Problem to work on: Keep to one stretch of the data below, the lines from the one with "Oversize Siyah Crop T-Shirt - BGB15 1" up to and including the one with "captain Levi Stance Back Case for Oppo A71", and return that stretch exactly.

START Material for this exercise

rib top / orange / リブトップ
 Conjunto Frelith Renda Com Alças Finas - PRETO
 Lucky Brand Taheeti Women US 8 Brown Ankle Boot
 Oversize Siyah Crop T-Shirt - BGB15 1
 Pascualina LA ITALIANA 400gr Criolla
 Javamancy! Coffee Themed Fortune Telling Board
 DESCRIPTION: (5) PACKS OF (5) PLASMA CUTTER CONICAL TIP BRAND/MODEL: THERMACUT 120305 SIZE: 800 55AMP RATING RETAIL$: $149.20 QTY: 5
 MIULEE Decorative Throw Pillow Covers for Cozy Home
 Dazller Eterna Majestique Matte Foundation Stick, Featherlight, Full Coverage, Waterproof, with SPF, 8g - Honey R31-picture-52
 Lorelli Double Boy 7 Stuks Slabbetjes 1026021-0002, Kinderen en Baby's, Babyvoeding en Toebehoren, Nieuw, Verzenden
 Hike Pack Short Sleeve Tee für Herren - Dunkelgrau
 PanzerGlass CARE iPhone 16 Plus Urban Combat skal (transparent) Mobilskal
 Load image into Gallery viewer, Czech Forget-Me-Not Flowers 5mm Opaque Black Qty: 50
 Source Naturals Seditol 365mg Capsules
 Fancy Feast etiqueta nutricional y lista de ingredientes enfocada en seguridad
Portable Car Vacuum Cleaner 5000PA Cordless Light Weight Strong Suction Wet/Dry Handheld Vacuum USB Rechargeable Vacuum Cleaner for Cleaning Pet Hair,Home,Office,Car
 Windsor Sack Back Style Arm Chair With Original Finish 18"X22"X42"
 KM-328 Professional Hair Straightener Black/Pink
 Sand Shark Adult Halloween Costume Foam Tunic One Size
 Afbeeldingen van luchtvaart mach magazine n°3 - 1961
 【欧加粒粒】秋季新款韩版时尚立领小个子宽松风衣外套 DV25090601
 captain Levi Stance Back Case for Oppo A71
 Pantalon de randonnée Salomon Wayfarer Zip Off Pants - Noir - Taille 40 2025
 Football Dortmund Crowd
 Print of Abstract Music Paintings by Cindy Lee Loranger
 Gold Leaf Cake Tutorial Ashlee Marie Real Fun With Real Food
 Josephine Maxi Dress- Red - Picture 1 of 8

END Material for this exercise

Answer below:
 Oversize Siyah Crop T-Shirt - BGB15 1
 Pascualina LA ITALIANA 400gr Criolla
 Javamancy! Coffee Themed Fortune Telling Board
 DESCRIPTION: (5) PACKS OF (5) PLASMA CUTTER CONICAL TIP BRAND/MODEL: THERMACUT 120305 SIZE: 800 55AMP RATING RETAIL$: $149.20 QTY: 5
 MIULEE Decorative Throw Pillow Covers for Cozy Home
 Dazller Eterna Majestique Matte Foundation Stick, Featherlight, Full Coverage, Waterproof, with SPF, 8g - Honey R31-picture-52
 Lorelli Double Boy 7 Stuks Slabbetjes 1026021-0002, Kinderen en Baby's, Babyvoeding en Toebehoren, Nieuw, Verzenden
 Hike Pack Short Sleeve Tee für Herren - Dunkelgrau
 PanzerGlass CARE iPhone 16 Plus Urban Combat skal (transparent) Mobilskal
 Load image into Gallery viewer, Czech Forget-Me-Not Flowers 5mm Opaque Black Qty: 50
 Source Naturals Seditol 365mg Capsules
 Fancy Feast etiqueta nutricional y lista de ingredientes enfocada en seguridad
Portable Car Vacuum Cleaner 5000PA Cordless Light Weight Strong Suction Wet/Dry Handheld Vacuum USB Rechargeable Vacuum Cleaner for Cleaning Pet Hair,Home,Office,Car
 Windsor Sack Back Style Arm Chair With Original Finish 18"X22"X42"
 KM-328 Professional Hair Straightener Black/Pink
 Sand Shark Adult Halloween Costume Foam Tunic One Size
 Afbeeldingen van luchtvaart mach magazine n°3 - 1961
 【欧加粒粒】秋季新款韩版时尚立领小个子宽松风衣外套 DV25090601
 captain Levi Stance Back Case for Oppo A71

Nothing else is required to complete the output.